Lines Planes and Vectors in 3 space

[gregory.weld]

If the line is parallel to the vector v = < -2,1,3>, what is the equation of the plane containing L and the point B = (-2,3,1)

A) - x + y + z = 6
B) 3x - 2y - z = 4
C) x + 6y -11z = 5
D) x + 5y - z = 12
E) 2x + 10y - 19z = 7

I know we can get the equation of the line because we have a point on the line and a vector parallel

So x = xo + at, y = yo + bt , z = zo + ct

x = -2 + -2t
y = 3 + t
z = 1 + 3t

I know the equation of a plane is a(x - xo) + b(y - yo) + c(z - zo) = 0. But the vector here <a,b,c> has to be normal to the plane...
Can someone help figure out how i find the answer

 

[Mark44]

If the line is parallel to the vector v = < -2,1,3>, what is the equation of the plane containing L and the point B = (-2,3,1)

A) - x + y + z = 6
B) 3x - 2y - z = 4
C) x + 6y -11z = 5
D) x + 5y - z = 12
E) 2x + 10y - 19z = 7

I know we can get the equation of the line because we have a point on the line and a vector parallel

So x = xo + at, y = yo + bt , z = zo + ct

x = -2 + -2t
y = 3 + t
z = 1 + 3t

I know the equation of a plane is a(x - xo) + b(y - yo) + c(z - zo) = 0. But the vector here <a,b,c> has to be normal to the plane...
Can someone help figure out how i find the answer

This is a tricky question. If all you know is a point on a plane and a vector that is parallel to a line that lies in the plane, there is not enough information to specify a unique plane.

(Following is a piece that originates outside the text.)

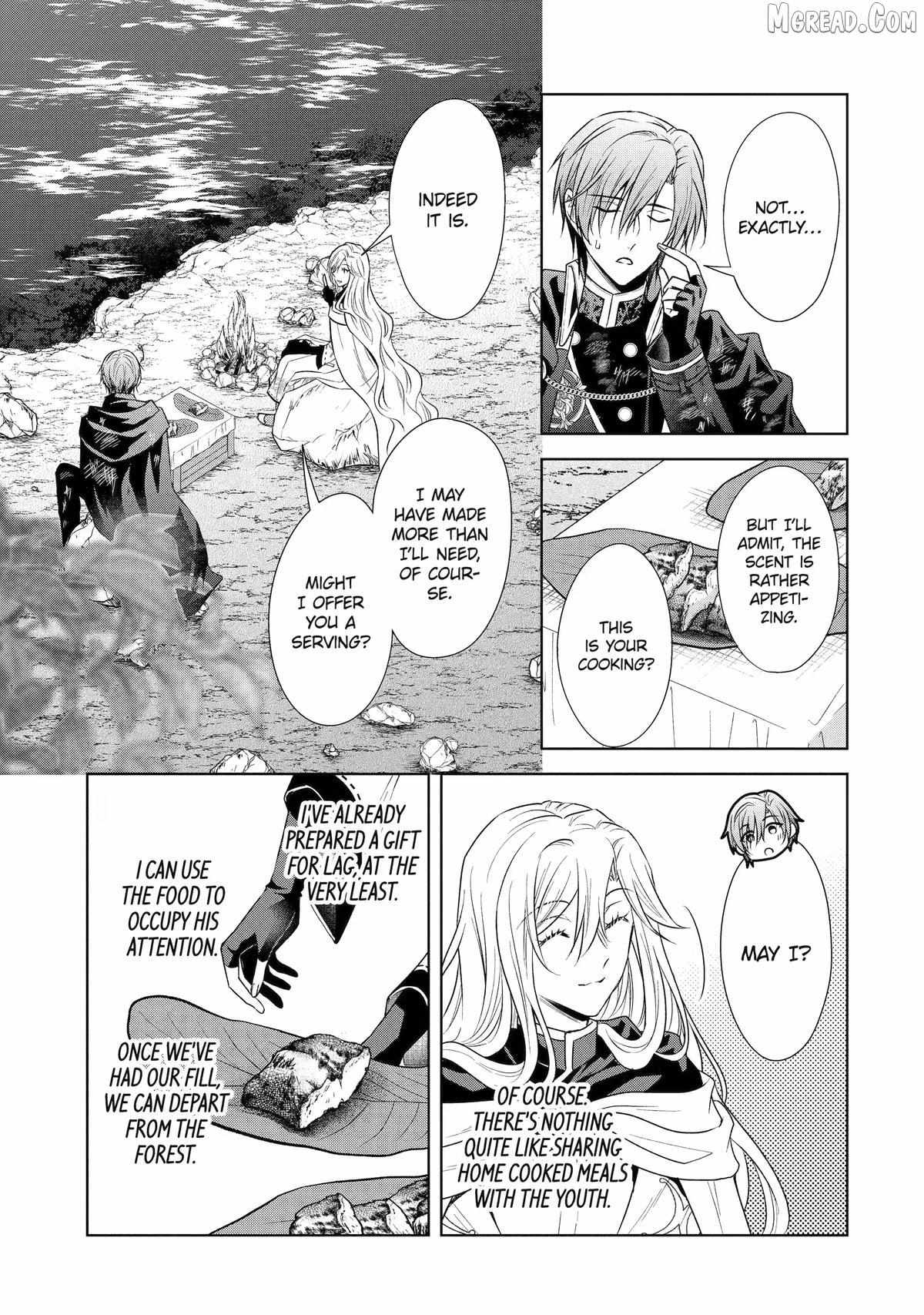 Read I enjoy being talentless chapter 20 image 6 on Lezhin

However, since they give you the equations of 5 planes, then what you need to do is pick the one (if any) that works.

For each of the 4 planes that contains the given point (one plane doesn't), calculate the normal vector, and dot it with the direction vector of the line. If the result is 0, this means that the direction vector is perpendicular to the normal vector, so must lie in the plane. If the dot product isn't zero, the given line can't lie in the plane.

That's what I would do. I haven't worked it all the way through, so I can't say whether any of the given planes works.